Health

Study links PTSD in 9/11 responders to faster biological aging

Researchers found molecular differences in World Trade Center responders with PTSD that may help explain higher risks of chronic disease.

Tom Brennan

By Tom Brennan · Health & Medicine Correspondent

3 min read

Study links PTSD in 9/11 responders to faster biological aging
Photo: Medical Xpress

World Trade Center responders with post-traumatic stress disorder showed blood-based signs tied to faster biological aging and chronic disease risk in a new study. The findings may help explain why PTSD, often treated as a mental health condition, is also linked to long-term physical illness.

The research, published in Nature Communications, was led by investigators connected to Stony Brook University’s World Trade Center Health and Wellness Program and scientists at Duke University. Stony Brook said the program monitors and treats about 10,000 people who responded after the Sept. 11 attacks.

The team studied blood samples collected from World Trade Center responder patients nearly 18 years after 9/11. The analysis included 393 trauma-exposed responders: 232 with diagnosed PTSD and 161 controls without the diagnosis, according to the researchers.

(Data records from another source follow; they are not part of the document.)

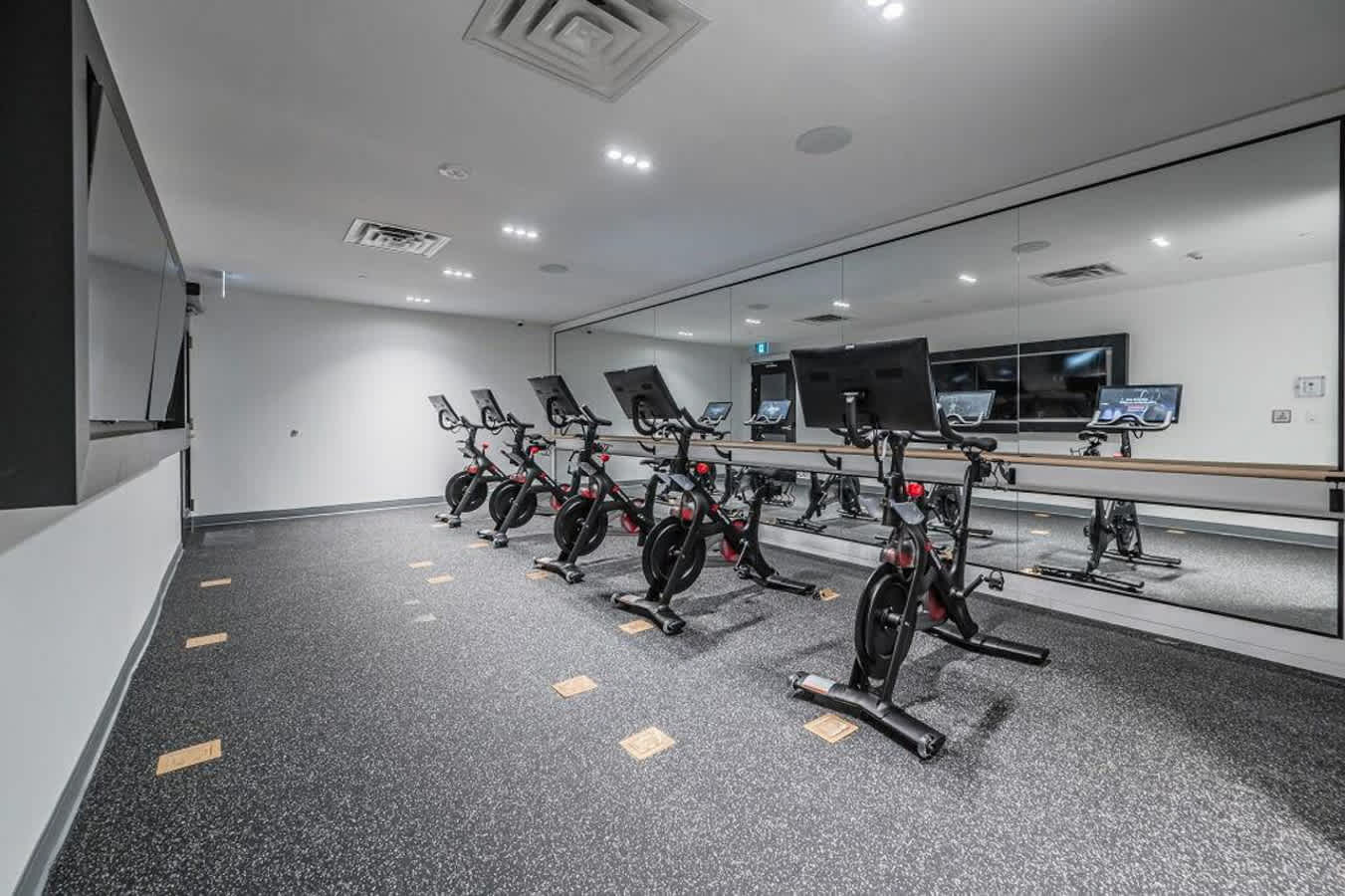 A modern fitness room features a row of six black spin bikes facing a large mirrored wall, with individual screens on each bike. The room has a dark speckled rubber floor with light square accents and recessed lighting in the white ceiling.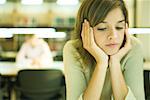 Female college student sitting at table in library, studying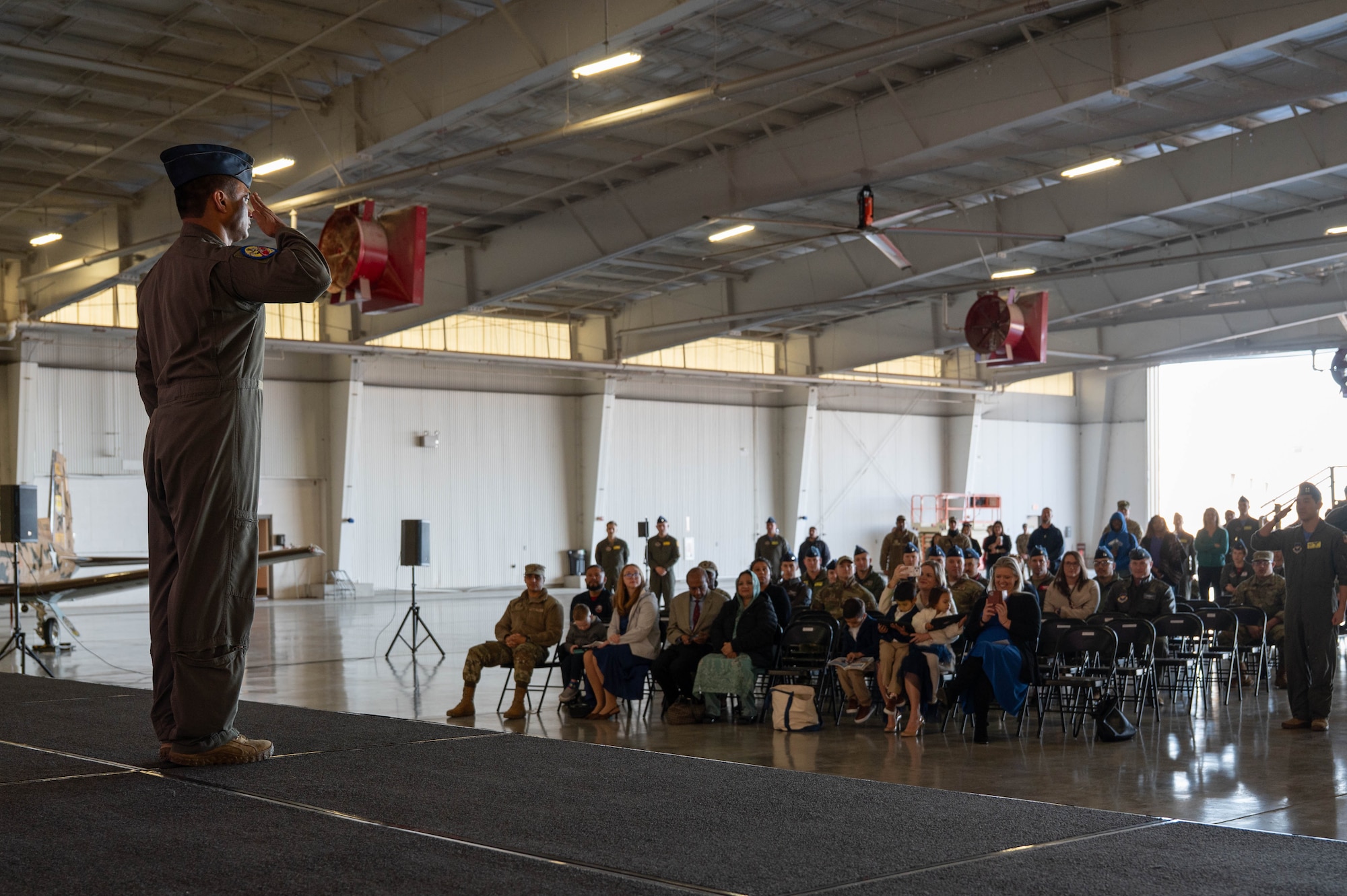 Commander renders final salute to formation.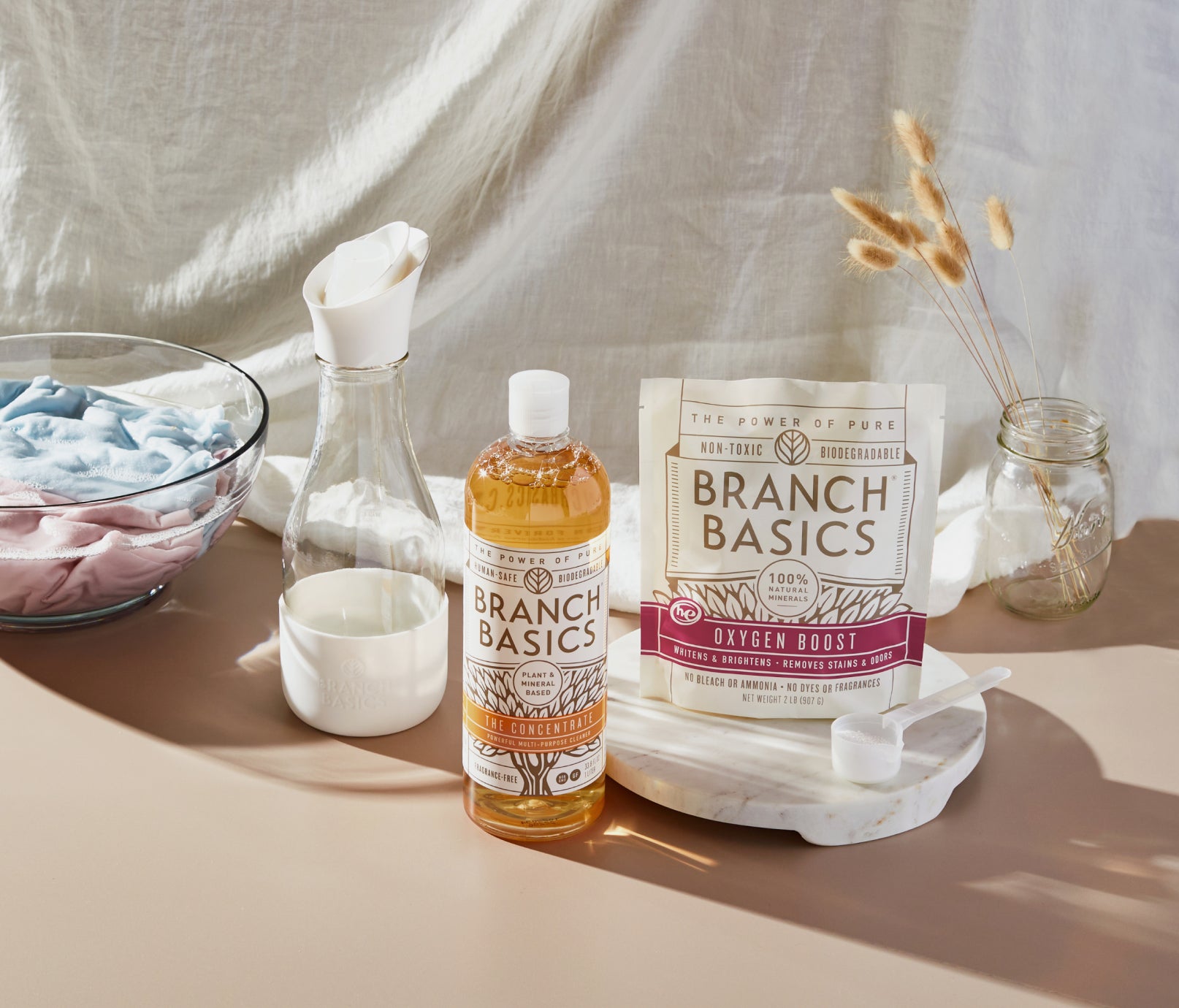 The Laundry Kit featuring a refillable Glass bottle, displayed on a neutral background. - View 1
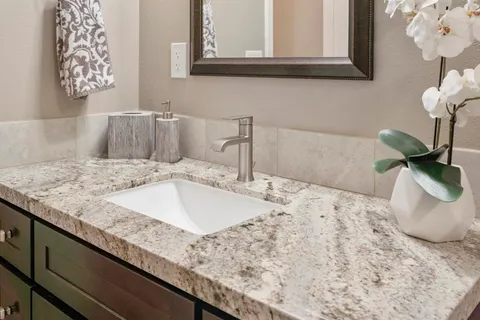 a bathroom with a granite countertop sink and a mirror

Using plasma proteomics and targeted metabolomics, the investigators found 114 proteins and seven metabolites that differed in responders with PTSD. Stony Brook said those differences pointed to changes in pathways involving nerve structure, immune activation, metabolism, redox balance and extracellular processes.

Researchers said the molecular patterns suggest PTSD is associated with broad biological changes beyond the brain. They linked those changes to forms of metabolite dysregulation often seen in chronic disease.

Signals across multiple organs

The study also found evidence of accelerated proteomic aging across several organ-linked plasma signatures, including markers associated with the pancreas and lungs. The authors said faster pancreatic aging could point to earlier declines in pancreatic function after long-term trauma exposure.

Benjamin J. Luft, senior author of the study and director of the Stony Brook World Trade Center Health and Wellness Program, said the results show trauma can affect more than psychological health over many years. Luft is also the Edmund D. Pellegrino Professor of Medicine in the Renaissance School of Medicine at Stony Brook University.

Luft said the biological changes identified in the study may partly explain why PTSD is associated with higher rates of cognitive problems, heart disease, lung conditions and other chronic illnesses. He said the findings support treating responders’ mental and physical health together as they continue to age.

Pei-Fen Kuan, the study’s first author and a professor of applied mathematics and statistics at Stony Brook, said combining proteomic and metabolomic data helped reveal molecular networks that could be missed if each data type were studied alone.

Proteomics measures proteins that drive many bodily processes, while metabolomics measures small molecules that reflect activity by genes and proteins. The researchers said using both methods gave them a more detailed picture of biochemical differences among the study participants.

The team said the approach also allowed estimates of organ-specific proteomic aging for organs including the heart, kidney, liver and lung. In aging and chronic disease research, the authors said such organ-level measures have been associated with risks for conditions including cardiovascular and renal disease.

The paper, titled “Integrated proteomic and metabolomic analyses implicate redox-metabolic pathways in PTSD-associated multisystem disease and accelerated aging,” lists Kuan and colleagues as authors. Stony Brook described the work as the result of more than a decade of research.

This story draws on original reporting from Medical Xpress.